ABC -Family Restaurant

Idly – Rs 20

Tea – Rs 15

Coffee – Rs 10

Plain Dosa – Rs 35

Onion Dosa – Rs 40

Vangi Bath – Rs 55

Chicken Manchurian – Rs 80

Mutton – Rs 45

Lassi – Rs 25

Vanilla Ice cream – Rs 60

Lemon Juice – Rs 25

Chilly Chicken – Rs 90

I then gave them the problem –
You are going to ABC Restaurant. You have Rs 500 in your purse. You can order any item, any number of times.
• Calculate the amount to be paid.Predict whether you will be able to pay for the food.

Here are some of the answers given by my students.

  • “Akka, I want 3 idlis and 1 coffee. I have to pay 70 rupees. I have money to pay.”
  • “Akka I want to order 29coffeesfor my friends. It will cost me Rs. 290and so I can pay.”
  • “Akka I want 2 idlis, 1 vangi bath for me, 2 onion dosas for my sister,2 muttons and 1 chicken manchurian for my parents. We also want 2 lassis. Akka, mutton is cheaper here, that’s why I ordered 2 for my mother and father. I have to pay Rs 395. I have the money to pay. ”

I was really happy with most of the answers, butI wanted to test them further. So I gave a challenging order, “I have Rs 500 in my purse. I want 3 vangi baths, 3 vanilla icecreams, 2 lemon juices, 4 chilly chickens.” I asked them to calculate the amount and predict whether I would be able to pay for this order.
“Akka you have to pay Rs 755.You can’t pay.”

Then I told them, “I have only Rs 500 and I want to eat something from my order. What all can I get from my order with the money I have?”

They came up with many solutions like ordering 1 chilly chicken instead of 4 without changing the rest of the order or ordering 2 vangi baths,2 vanilla ice creams,1 lemon juice,2 chilly chickens.These solutions were very interesting and exciting.

At the same time, I was also bombarded with questions like
• Why was the extra amount not charged (GST)?
• Why were the chutneys and sambars not assigned any price?
• Why was the chicken costlier than mutton?

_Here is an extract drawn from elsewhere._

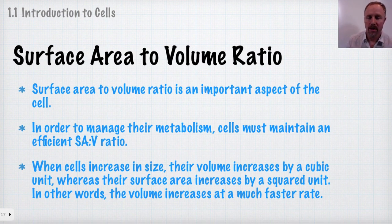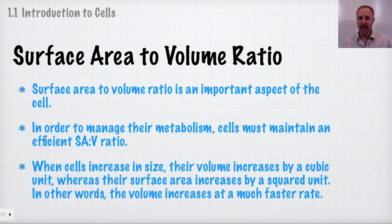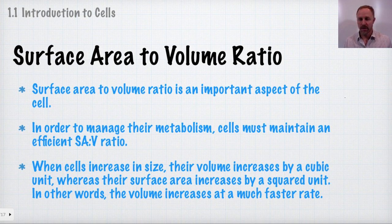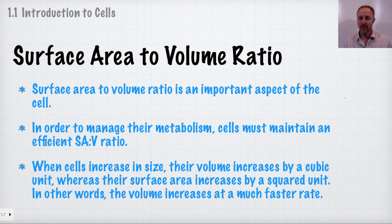The surface area to volume ratio is an important aspect of all cells. Cells have to maintain a specific surface area to volume ratio so they don't become stressed — they need a way to manage their metabolism, waste production, and nutrient intake. In general, cells want to have a large surface area to volume ratio. If it gets too small, the cell is getting too big, and that's when instructions are in place for the cell to divide, so that the ratio will increase again.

I answered a few of their questions and countered them with some of my own“Are we right in adding two or more food items?”

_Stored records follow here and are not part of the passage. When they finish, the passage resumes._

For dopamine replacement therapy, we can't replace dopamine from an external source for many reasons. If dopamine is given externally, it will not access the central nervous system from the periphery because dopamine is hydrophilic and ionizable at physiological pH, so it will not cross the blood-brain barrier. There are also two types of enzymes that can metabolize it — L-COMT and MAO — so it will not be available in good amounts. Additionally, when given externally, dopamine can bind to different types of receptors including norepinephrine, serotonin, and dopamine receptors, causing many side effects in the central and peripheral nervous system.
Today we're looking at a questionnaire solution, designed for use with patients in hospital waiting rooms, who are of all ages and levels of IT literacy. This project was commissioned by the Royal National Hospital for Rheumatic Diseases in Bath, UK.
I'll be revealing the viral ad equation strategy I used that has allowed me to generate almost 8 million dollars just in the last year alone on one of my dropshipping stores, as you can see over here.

While most of them agreed to it, some of them gave hilarious reasons which made me laugh out loud.
a) “All are eatables.”
b) “They belong to the same restaurant.”
c) “All are tasty.”

Finally one student said, “Akka we are not adding different items, we are adding the price of different items. So we are correct.”

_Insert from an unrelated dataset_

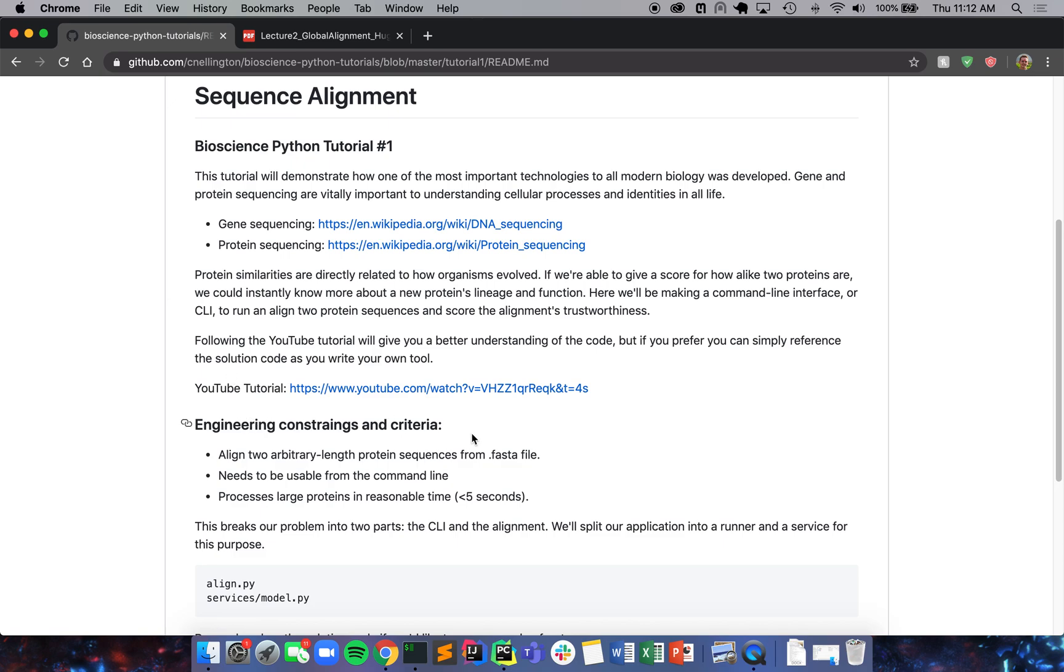So we want to make a tool that will align two sequences for us in fairly reasonable time. And so our engineering constraints here are that we need to align to arbitrary protein sequences from a FASTA file and you need to be able to use the command line to do it fairly quickly. There's lots of - I'm sure most scientists out there have some experience with the command line. So we're going to make this intuitive to them, and we're going to make this a command line tool.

I was brimming with joy, not just at the last answer, but for all the answers my students had given. I felt happy that they had understood the basic idea behind addition, which is nothing but counting of similar items. I could also see that they could relate ordering food in the restaurant with addition.

My lesson was a shift from normal pedagogy and I was able to assess my students skills like observations, problem solving and reasoning, mental math, decision-making, logical thinking, imaginative, etc. It was an interactive class where most students wholeheartedly participated and entertained the class with their orders and answers, even the shy and quiet ones. In this class, I didn’t stress on writing the statements for the word problems. My objective was to test and track their conceptual understanding of addition and their application in real life situations. I can proudly say that I successfully triggered all the right responses. I also made sure that my students weren’t doing calculations based on key words in the word problems. This also paved the way for future lessons on addition with larger numbers, multiplication, fractions, percentage, subtraction, etc.

As I was ending my class, one boy asked, “Akka give me the menu for one more restaurant, I will place my order.”

While he didn’t get anything he ordered, his request made me grin, as the word problems were no longer problems of words but solutions for real life situations.